Gerda was 15 years old on September 1, 1939, the day the German army invaded her hometown in Poland. Within a few months, her brother and father were sent to work camps for men, while she and her mother were separated and dispatched to textile factories. By the end of the war, six years later, both of Gerda’s parents had died in Auschwitz, and she received no news of her brother; Gerda alone survived after the final Death March in March of 1945.

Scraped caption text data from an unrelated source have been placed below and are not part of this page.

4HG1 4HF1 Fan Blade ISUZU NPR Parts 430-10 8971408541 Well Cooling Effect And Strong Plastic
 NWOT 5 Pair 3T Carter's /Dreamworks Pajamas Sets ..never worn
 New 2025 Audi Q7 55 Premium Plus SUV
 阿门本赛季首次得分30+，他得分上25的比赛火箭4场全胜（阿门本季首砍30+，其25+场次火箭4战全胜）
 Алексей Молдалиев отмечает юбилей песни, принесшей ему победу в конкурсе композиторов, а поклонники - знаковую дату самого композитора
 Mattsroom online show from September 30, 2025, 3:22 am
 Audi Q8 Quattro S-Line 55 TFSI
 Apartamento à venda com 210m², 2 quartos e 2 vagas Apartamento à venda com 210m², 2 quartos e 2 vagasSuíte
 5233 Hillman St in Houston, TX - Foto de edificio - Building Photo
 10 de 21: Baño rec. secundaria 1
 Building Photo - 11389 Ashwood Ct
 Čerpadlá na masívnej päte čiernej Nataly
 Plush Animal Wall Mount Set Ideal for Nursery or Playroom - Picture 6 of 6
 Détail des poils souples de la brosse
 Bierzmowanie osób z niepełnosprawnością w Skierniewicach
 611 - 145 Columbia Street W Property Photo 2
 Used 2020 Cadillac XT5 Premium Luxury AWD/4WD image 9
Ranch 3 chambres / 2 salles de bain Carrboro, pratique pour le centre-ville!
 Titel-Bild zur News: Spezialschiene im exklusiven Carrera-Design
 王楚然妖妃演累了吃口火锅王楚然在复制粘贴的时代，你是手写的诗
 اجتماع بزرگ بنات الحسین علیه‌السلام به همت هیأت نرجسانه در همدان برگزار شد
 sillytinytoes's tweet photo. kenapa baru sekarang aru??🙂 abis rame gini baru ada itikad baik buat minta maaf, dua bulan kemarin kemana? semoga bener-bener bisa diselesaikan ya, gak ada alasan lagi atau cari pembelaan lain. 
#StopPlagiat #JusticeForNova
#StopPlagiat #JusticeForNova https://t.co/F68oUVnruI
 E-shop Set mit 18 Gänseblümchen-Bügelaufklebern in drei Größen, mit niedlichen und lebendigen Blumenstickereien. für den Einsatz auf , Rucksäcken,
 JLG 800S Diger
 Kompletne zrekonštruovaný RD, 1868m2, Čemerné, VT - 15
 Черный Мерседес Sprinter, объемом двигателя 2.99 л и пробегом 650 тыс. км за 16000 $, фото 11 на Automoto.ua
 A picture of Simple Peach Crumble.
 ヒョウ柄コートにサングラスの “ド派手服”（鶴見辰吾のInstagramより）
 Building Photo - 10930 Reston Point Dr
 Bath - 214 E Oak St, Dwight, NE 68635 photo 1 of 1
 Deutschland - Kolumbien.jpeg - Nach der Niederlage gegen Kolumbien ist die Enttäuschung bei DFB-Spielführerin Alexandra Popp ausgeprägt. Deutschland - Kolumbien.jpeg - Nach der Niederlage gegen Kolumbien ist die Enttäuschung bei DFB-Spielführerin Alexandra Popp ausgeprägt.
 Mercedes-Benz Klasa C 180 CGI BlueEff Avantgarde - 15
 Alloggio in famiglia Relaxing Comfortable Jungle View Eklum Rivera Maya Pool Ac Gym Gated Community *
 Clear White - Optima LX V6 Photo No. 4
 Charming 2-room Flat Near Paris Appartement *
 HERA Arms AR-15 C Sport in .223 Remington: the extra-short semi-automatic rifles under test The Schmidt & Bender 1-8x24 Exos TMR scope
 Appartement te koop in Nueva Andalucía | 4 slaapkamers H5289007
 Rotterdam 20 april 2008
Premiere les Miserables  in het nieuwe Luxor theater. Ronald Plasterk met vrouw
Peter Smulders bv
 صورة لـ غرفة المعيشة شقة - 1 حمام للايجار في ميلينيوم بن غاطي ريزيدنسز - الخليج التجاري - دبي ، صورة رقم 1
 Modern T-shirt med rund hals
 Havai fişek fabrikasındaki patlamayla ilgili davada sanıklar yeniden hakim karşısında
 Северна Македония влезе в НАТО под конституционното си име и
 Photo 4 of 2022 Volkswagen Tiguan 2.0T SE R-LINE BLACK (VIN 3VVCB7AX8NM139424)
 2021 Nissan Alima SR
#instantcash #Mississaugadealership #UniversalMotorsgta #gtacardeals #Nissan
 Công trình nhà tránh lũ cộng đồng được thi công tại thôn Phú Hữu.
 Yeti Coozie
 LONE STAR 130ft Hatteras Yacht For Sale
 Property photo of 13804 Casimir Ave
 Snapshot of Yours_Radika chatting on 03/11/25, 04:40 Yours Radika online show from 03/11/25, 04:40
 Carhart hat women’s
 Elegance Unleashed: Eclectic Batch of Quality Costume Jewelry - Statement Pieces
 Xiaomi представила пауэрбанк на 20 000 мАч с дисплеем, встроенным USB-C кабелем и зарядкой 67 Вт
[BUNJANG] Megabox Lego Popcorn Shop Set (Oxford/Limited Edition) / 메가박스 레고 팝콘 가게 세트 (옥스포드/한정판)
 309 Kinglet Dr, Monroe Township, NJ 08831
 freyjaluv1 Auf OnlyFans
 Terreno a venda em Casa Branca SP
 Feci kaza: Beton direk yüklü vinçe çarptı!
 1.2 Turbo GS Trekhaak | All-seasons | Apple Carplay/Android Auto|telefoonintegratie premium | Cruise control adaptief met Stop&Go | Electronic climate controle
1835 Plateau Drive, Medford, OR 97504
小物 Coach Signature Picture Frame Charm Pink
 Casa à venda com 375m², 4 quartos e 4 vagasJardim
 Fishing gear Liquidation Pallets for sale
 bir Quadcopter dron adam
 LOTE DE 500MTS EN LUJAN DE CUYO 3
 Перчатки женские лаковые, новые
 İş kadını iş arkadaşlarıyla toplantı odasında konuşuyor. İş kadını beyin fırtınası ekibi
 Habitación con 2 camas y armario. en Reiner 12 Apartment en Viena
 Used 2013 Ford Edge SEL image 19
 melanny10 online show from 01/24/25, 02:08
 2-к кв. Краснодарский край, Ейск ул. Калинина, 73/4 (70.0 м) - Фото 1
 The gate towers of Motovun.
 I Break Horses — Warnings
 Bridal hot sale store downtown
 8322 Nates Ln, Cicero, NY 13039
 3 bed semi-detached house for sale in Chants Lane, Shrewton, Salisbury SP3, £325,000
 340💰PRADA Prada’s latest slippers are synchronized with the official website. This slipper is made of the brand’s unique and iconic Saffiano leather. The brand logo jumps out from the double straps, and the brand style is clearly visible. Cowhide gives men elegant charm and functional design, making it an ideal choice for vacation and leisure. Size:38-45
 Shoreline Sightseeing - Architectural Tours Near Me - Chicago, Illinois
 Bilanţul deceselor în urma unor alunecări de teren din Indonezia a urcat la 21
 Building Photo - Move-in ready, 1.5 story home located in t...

The documentary consists of Gerda’s eloquent narration, which lends a subtly horrific picture of the part she was assigned in the Holocaust. Her story is moving because of its deceptively trivial detail. Gerda describes the bet she made with her friend on the train to the concentration camp; she bet that the war would be over in six months, while her friend said it would take years. The wager was a quart of strawberries and cream, payable after the war, which her friend failed to survive. Gerda also remembers the family in her Jewish neighborhood that committed suicide together before they could be sent to different camps. She remembers her father’s command for her to wear ski boots when the German soldiers came in June, and how the boots saved her life during the Death March in the snow. Lastly, Gerda recalls how she survived the Death March: by planning a party after the war in her head and wondering whether to wear a dress of red velvet or blue satin. Ultimately, this—her imagination—kept her alive. As she so aptly states, imagination is “the human capability of believing circumstances to be far, far better than they are.”
After the war, Gerda married the American soldier who liberated her, Kurt Klein, and moved to the US. The Kleins continue to be advocates against discrimination and prejudice. They have published books, given interviews, spoken at Columbine after the shootings; they’ve told their story to the world for the noble and continuing purpose of fighting injustice. They believe in the simple philosophy that we must all join the fight, regardless of whether the injustice we see is an incident of cyber-bullying or a casual racial slur. Only then will the suffering of millions serve a purpose.
And we should also remember that on April 19, 1943, the Warsaw Ghetto Uprisings began—the largest Jewish insurrection against the German army, and remind ourselves that in spite of oppression and tragedy, people have fought and will continue to fight.